The
Supreme Court on Monday refused to entertain a fresh plea filed by some
examinees challenging the government's decision to cancel the UGC-NET
examination following alleged question paper leak, saying that entertaining it
at this stage will create "chaos".
A
bench comprising Chief Justice D Y Chandrachud and justices JB Pardiwala and
Manoj Misra said the government is conducting the exam afresh on August 21 and
the students, who are around nine lakh, must have some kind of "certainty
now".
"The Supreme Court
stepping now will have a serious effect and there will be chaos all over,"

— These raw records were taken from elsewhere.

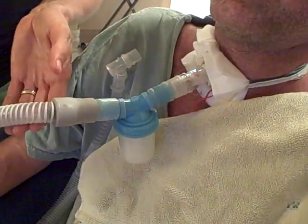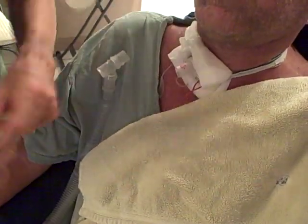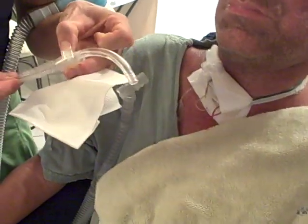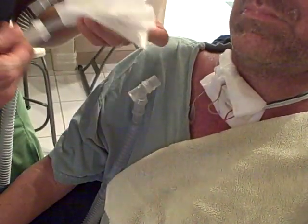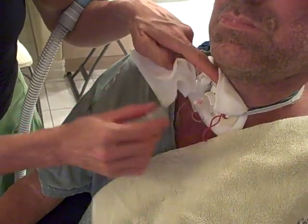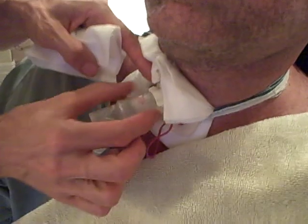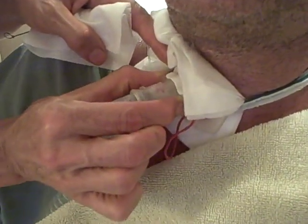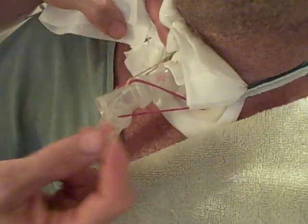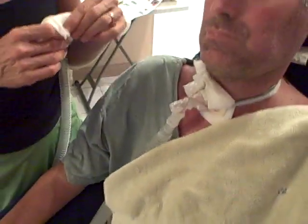Matt will blink when he wants to stop before the seven breaths, and then I just clean the inner cannula out. With his trach, if you look at it, we've hooked up rubber bands because we've had some problems with it slipping out and not hooking on tight. To prevent any accidents we put on two rubber bands and hook it up — and that's the Cough Assist.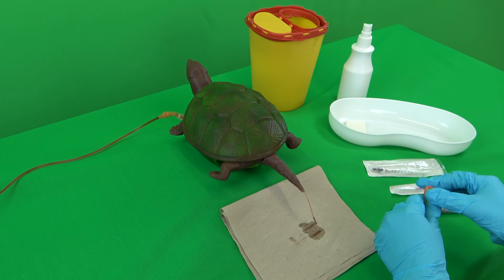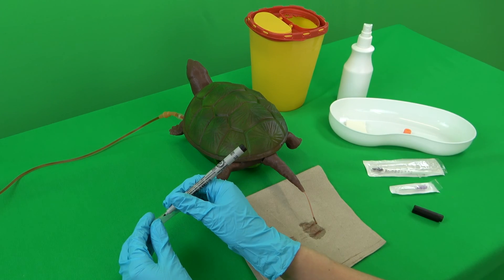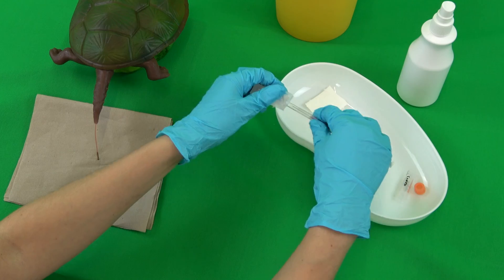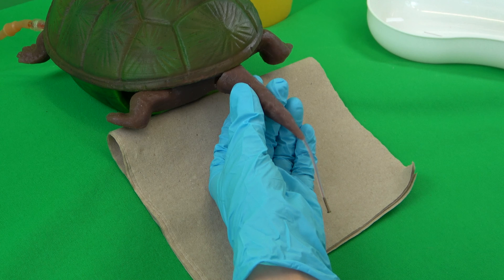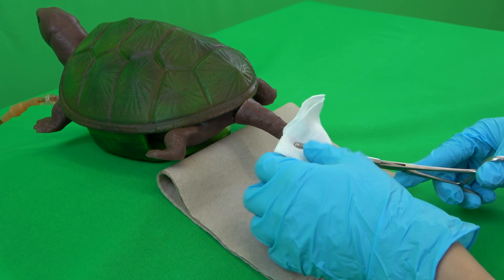First, all required materials are placed within reach. Cellulose is laid out as a base. The sample container is labelled, the syringe and cannula are unpacked, and the cannula is placed on the syringe. The turtle's tail is then held with the thumb and the index finger of the non-dominant hand. For fixation, the tail is gently pressed against the plastron. However, if it is difficult to grasp securely, for example due to a longer supracaudal shell, an intestinal clamp can be used for fixation.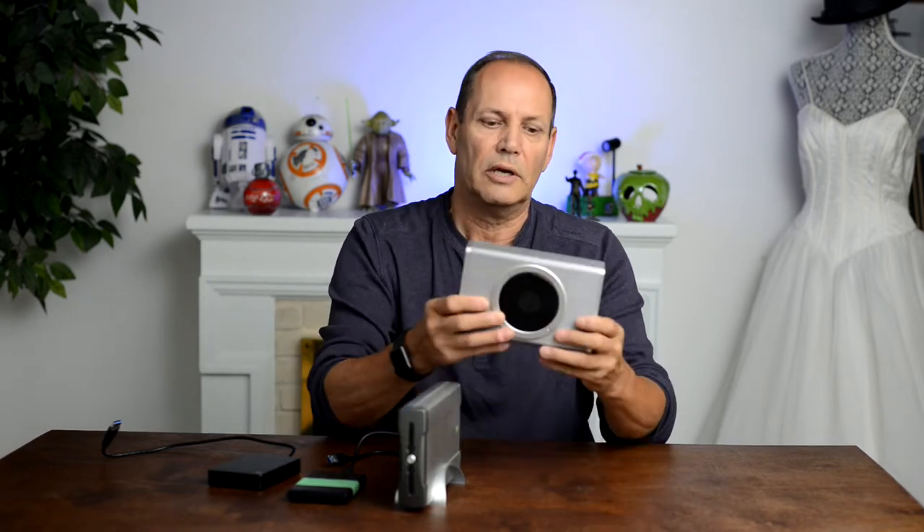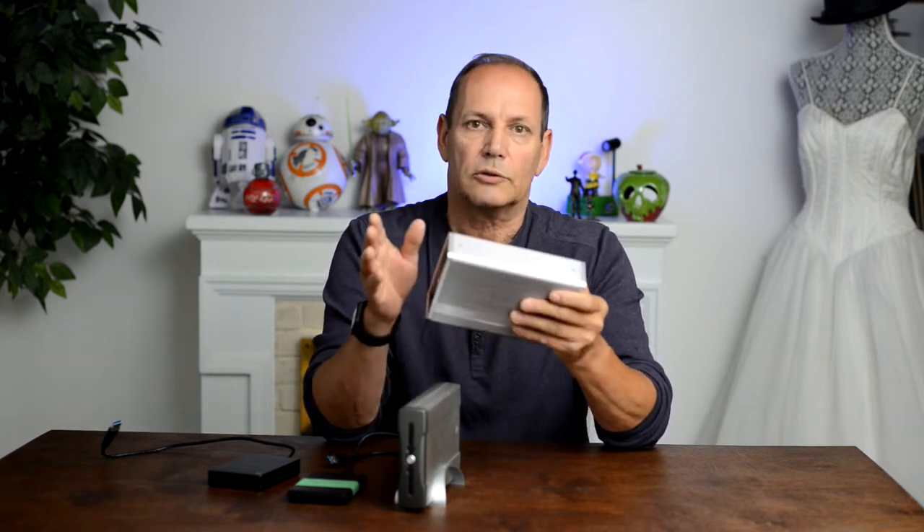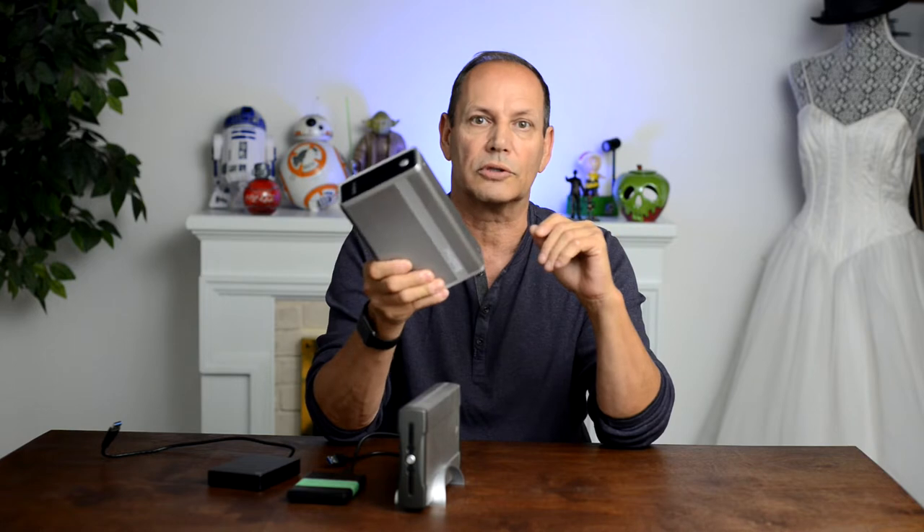We'll start with the older option that I don't see around too much anymore — it's called an enclosure. It has a built-in fan and an on/off button on the back. It's called an enclosure basically because it encloses a hard drive. The hard drive in here is out of my old computer — it was a two-terabyte hard drive. The drive was great but the rest of the computer wasn't, so I bought this case, it slides in and connects, and away you go. It works as a two-terabyte backup drive.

the CJI said while declining to entertain the plea filed by Praveen Dabas and
others.
The
bench said the exam was held on June 18 and was cancelled a day after that.
"Entertaining
the plea at the present stage would only add to uncertainty and add to utter
chaos," the CJI said, adding the Central government must be "doubly
cautious after the NEET-UG fiasco and thus it was cancelled. Let this process
go on now".
Earlier,
the top court had dismissed a PIL on the issue, saying it was filed by a lawyer
and not by aggrieved candidates.
"Why
are you (lawyer) coming? Let the students come here themselves," the CJI
had told the lawyer, adding "while declining the above PIL, we express nothing
on merits".
The
bench had asked advocate Ujjawal Gaur, who has filed the PIL as a petitioner,
to focus on some legal matters and leave such issues for aggrieved persons.
The
earlier plea was also filed against the decision of the Union education ministry
and the National Testing Agency to cancel the UGC-NET exam following inputs
that its integrity may have been compromised.
The
ministry on June 19 had ordered the cancellation of the UGC-NET exam and handed
over the matter to the CBI for an investigation.